One way to think about assemblers is to imagine that they compute the value of a series of expressions assigned to sequentially increasing memory locations. The expressions may conventionally consist of the value of a symbol, some arithmetic done on symbols, constants, and special variables such as the “current location counter” (often written with a funny name such as “$”), or truly peculiar expressions whose syntax is that of machine instructions.
Note that an expression may produce a value that fills several sequential memory locations; machine instructions tend to do this, but it is useful to have expressions for string literals, multiprecision numbers, initialized structs, etc. This only affects bookkeeping details but doesn’t change what assemblers do in the abstract.
To compute the final value of each expression, the assembler must know the value of any symbols that might be involved. It discovers symbol values in only a few ways. First, the symbol value might be defined as the result of an expression.

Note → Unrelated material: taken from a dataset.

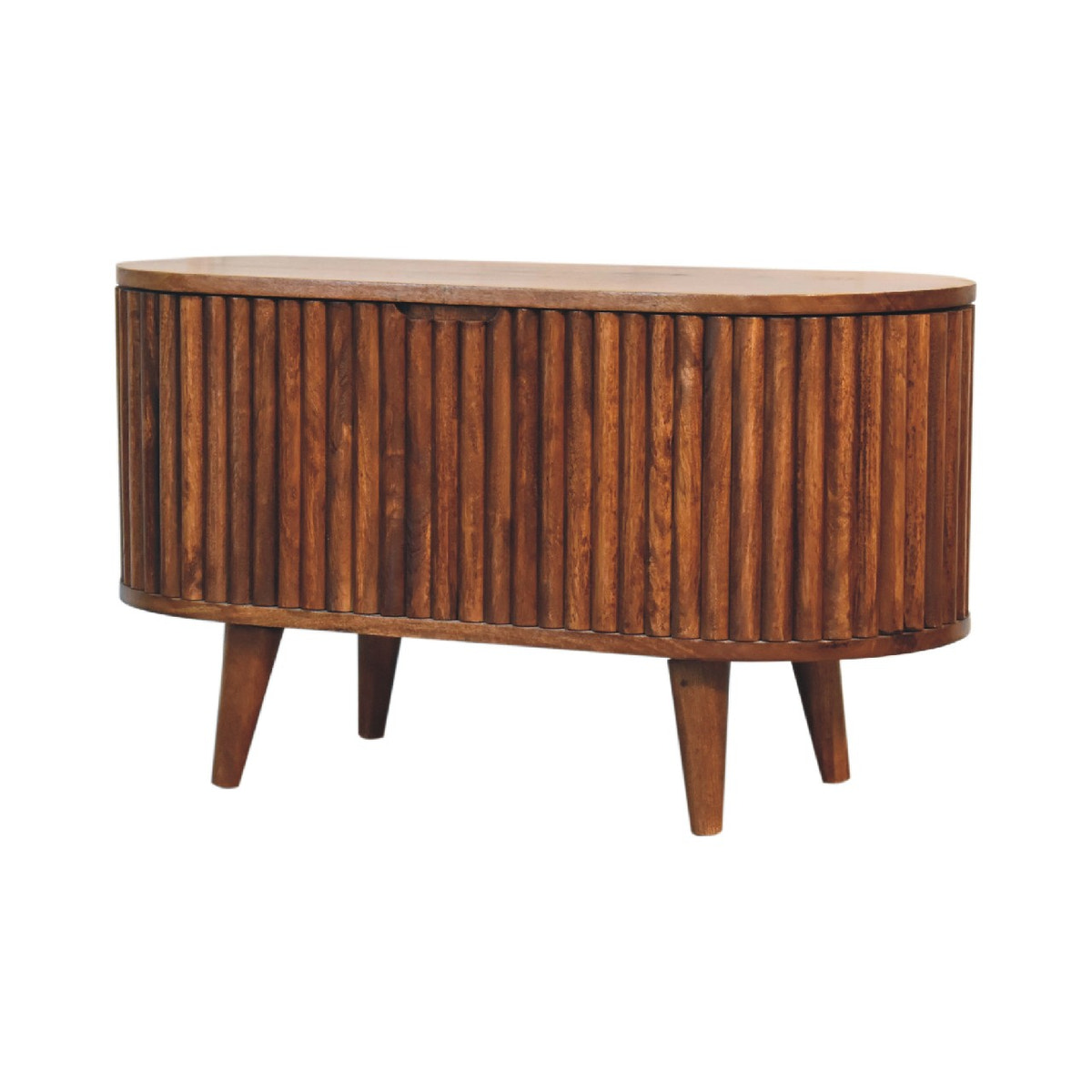 Reeve Blanket Box Storage Bench | Chestnut Mango Wood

Second, the symbol value might be assigned the value of the current location counter; typically assemblers do this when a symbol is written in “label” position. On such discovery, the assembler records the symbol name and its value in the symbol table to use in evaluating expressions.
A key problem an assembler faces is producing the value of an expression, having not yet encountered all the definitions of symbols. The assumption is that if a symbol is not defined in some particular line, it will be defined in some later line that the assembler will eventually process.

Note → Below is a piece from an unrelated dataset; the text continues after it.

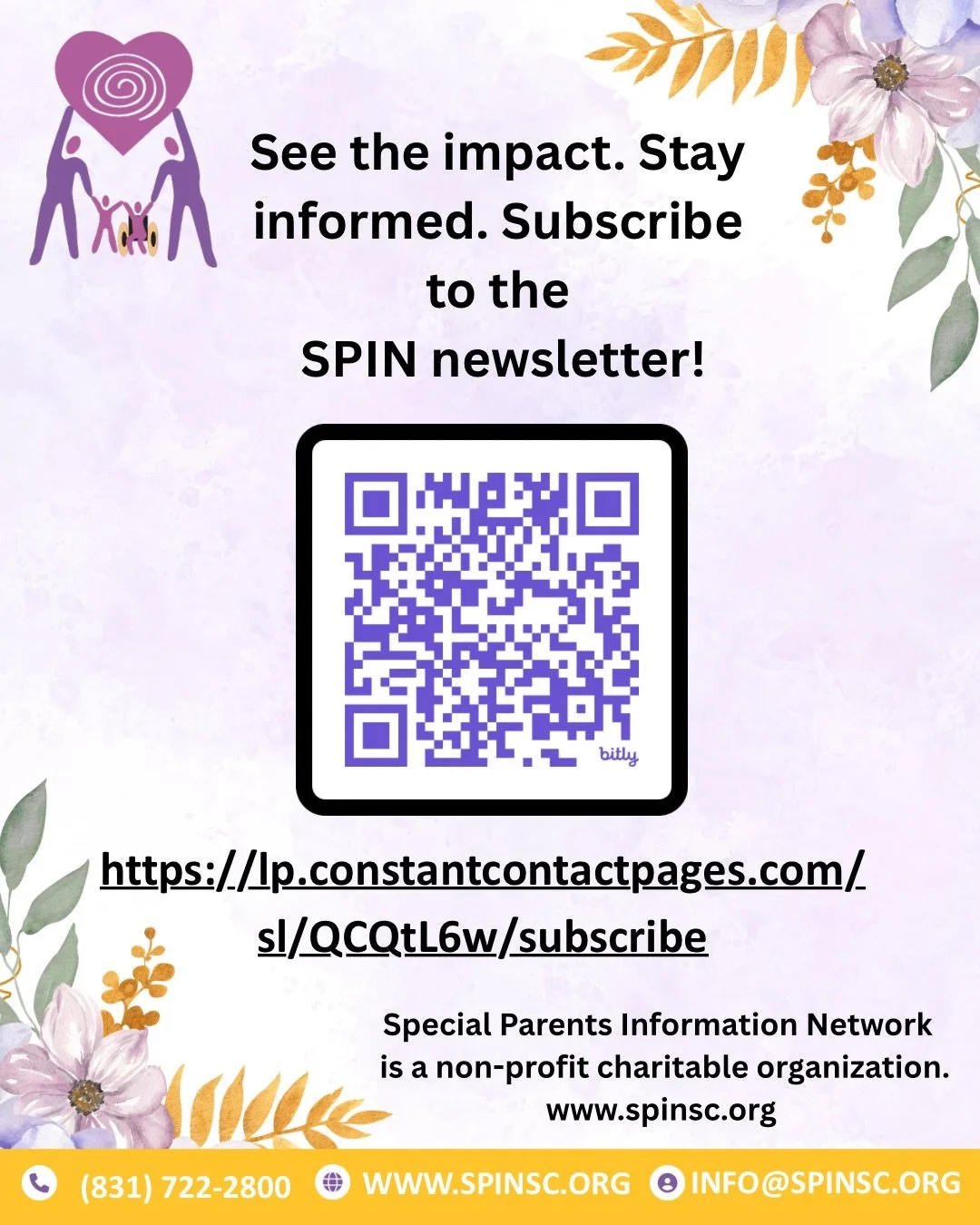 Stay informed. Stay connected. 📩 Subscribe to the SPIN newsletter today and never miss an update!
Find the sign-up link in our BIO or check out our Newsletter Highlight for quick access. 📲 ✨  Mantente informado. Mantente conectado. 📩 &iexcl;Suscr&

A two pass assembler tries to compute the value of each expression as it encounters it, in two passes called “first” and “second” passes. During first pass, if there are undefined symbols (presumed to be forward references) in the expression, the assembler simply substitutes a dummy value (often zero); in any case, it computes a value for the expression. If a machine instruction or data constant is being processed, the results are ignored, but the size is used to advance the location counter to enable label value assignment. If a label is encountered, its value is set to the current location counter. If a symbol assignment “A EQU ” is encountered, the symbol value is set to the result of the expression; if the expression contained an undefined symbol, the assembler will emit an error. If an origin statement is found “ORG “, it is treated as if one wrote “$ EQU “. At the end of the first pass, all labels have been assigned values; any symbols that do not have values are marked as “undefined” in the symbol table. A second pass repeats the expression evaluation of the first but does not (re)define any symbols; since all symbols are (expected to be) defined, the expression values are correct and emitted to the output stream. Any undefined symbols found in an expression cause an “undefined symbol” complaint.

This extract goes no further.